= What you have to do =
Write out the line that holds "Reproduction encadrée ABSTRACT" together with every line that follows it to the end of the material below, exactly. Omit the pictures.

= Supplied material =
════════════════

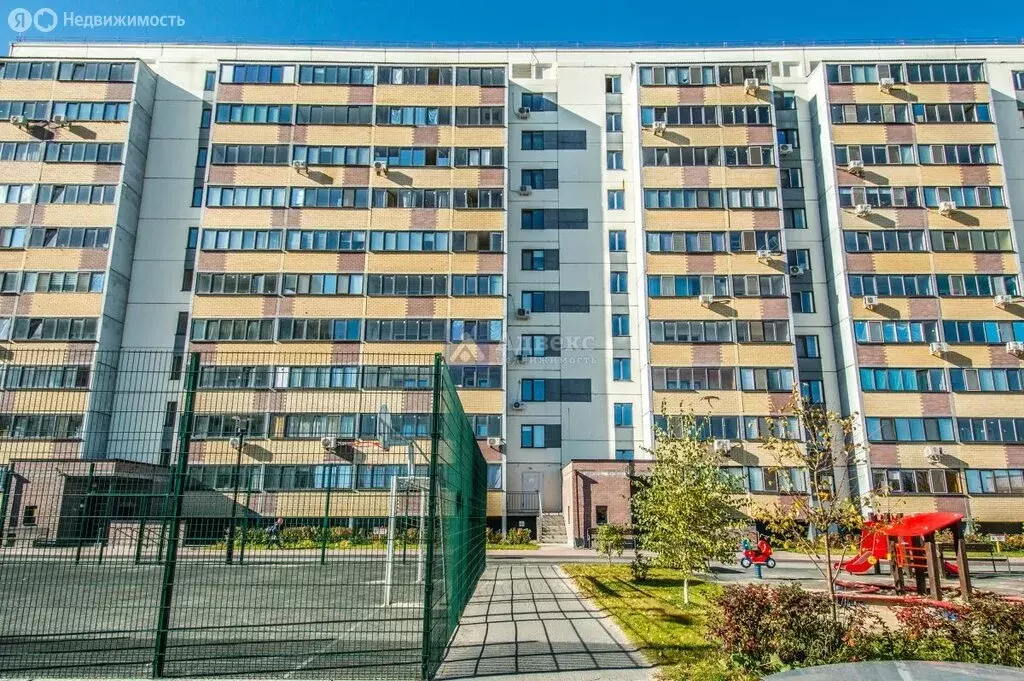 Квартира-студия: Тюмень, Интернациональная улица, 199к4 (17 м) - Фото 0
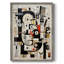 Reproduction encadrée ABSTRACT Series CECLXV III - bois massif-633636445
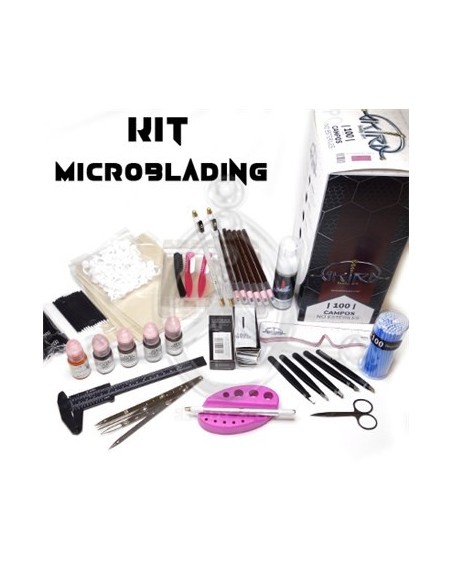 Kit de Inicio MICROBLADING Kit de Inicio MICROBLADING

════════════════

= Answer to this exercise =
 Reproduction encadrée ABSTRACT Series CECLXV III - bois massif-633636445
 Kit de Inicio MICROBLADING Kit de Inicio MICROBLADING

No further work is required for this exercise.